I paused the video. Zoomed in.
A man stood just out of frame, holding a coffee cup. The resolution was grainy, but the custom-tailored shoulder of the suit, the distinct silver Patek Philippe watch on his wrist—the watch I had bought him for our third anniversary—were unmistakable.
I checked the timestamp. October 14th.
Connor had been in Chicago on a "crucial scouting trip" for the Chapman Group on October 14th.
A cold, metallic taste flooded my mouth. The knot in my chest didn't break; it calcified. I didn't shed a tear. Instead, I opened a new encrypted file on my desktop. I named it *Gilded*.
The Chapman Group headquarters was practically empty at 6:30 AM. I bypassed my own suite and walked straight into my brother’s office.
Anthony looked up from his dual monitors, a half-eaten bagel suspended halfway to his mouth. He blinked, taking in my immaculate navy power suit and the lethal calm radiating from my posture.
"Viv," he said, setting the bagel down. "PR is already drafting a cease-and-desist for the video. We’re going to bury that bakery owner—"
"I don't care about the video, Ant," I interrupted, closing his heavy oak door until it clicked shut. "I need the vendor file for Gilded Crumb. Now."
Anthony frowned, his thick brows drawing together. He was fiercely protective, but he knew better than to question that specific tone in my voice. He tapped his keyboard, pulling up the master directory.
"It's a standard retail lease for the lobby space," he said, scrolling. He stopped. The silence in the room stretched, taut as a wire.

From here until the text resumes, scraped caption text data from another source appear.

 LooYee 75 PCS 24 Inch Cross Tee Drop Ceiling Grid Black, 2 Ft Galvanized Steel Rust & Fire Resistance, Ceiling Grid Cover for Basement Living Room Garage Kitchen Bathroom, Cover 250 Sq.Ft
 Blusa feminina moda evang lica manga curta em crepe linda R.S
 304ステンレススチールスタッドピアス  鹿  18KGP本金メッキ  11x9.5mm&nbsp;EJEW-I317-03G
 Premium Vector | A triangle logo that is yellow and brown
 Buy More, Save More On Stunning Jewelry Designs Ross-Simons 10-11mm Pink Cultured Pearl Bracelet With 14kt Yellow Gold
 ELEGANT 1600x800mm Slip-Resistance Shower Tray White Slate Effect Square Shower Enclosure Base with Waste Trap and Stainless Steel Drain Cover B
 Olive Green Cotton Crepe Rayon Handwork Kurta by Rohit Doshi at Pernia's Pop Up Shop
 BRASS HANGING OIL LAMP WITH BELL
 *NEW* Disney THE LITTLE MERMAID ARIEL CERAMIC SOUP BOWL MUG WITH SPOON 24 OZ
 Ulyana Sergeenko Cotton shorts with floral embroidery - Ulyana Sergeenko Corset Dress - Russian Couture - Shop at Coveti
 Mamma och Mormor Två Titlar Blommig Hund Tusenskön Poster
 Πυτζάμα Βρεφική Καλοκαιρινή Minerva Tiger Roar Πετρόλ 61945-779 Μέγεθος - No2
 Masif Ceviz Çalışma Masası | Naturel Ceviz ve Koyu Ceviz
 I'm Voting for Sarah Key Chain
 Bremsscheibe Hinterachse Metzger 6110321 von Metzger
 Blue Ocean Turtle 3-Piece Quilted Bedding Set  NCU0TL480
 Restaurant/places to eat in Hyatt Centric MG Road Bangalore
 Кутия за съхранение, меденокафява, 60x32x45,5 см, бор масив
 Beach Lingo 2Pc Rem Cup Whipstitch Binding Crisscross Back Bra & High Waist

"Read it," I commanded softly.
Anthony leaned closer to the screen, the color draining from his face. "This... this isn't right. Their monthly rent is listed at zero dollars. It's classified as a corporate amenity." He looked up at me, his eyes wide. "Viviana, there's a pending catering contract attached to this file. Exclusive rights to all corporate events for the next five years. Valued at two million annually."
"And whose digital signature is pending on the approval line?"
Anthony swallowed hard. "Connor's. He’s been hounding me to rubber-stamp this for weeks, saying it was a pet project of yours."
I walked over to the floor-to-ceiling window, looking out over the city that my grandfather had helped build. The storm had passed, leaving the morning sky a bruised, brilliant blue.
My husband wasn't just sleeping with the woman who had publicly humiliated me. He was using my family's legacy to fund her.
"Print it," I said, my voice barely above a whisper, yet echoing with the force of a gavel. "Print every single page."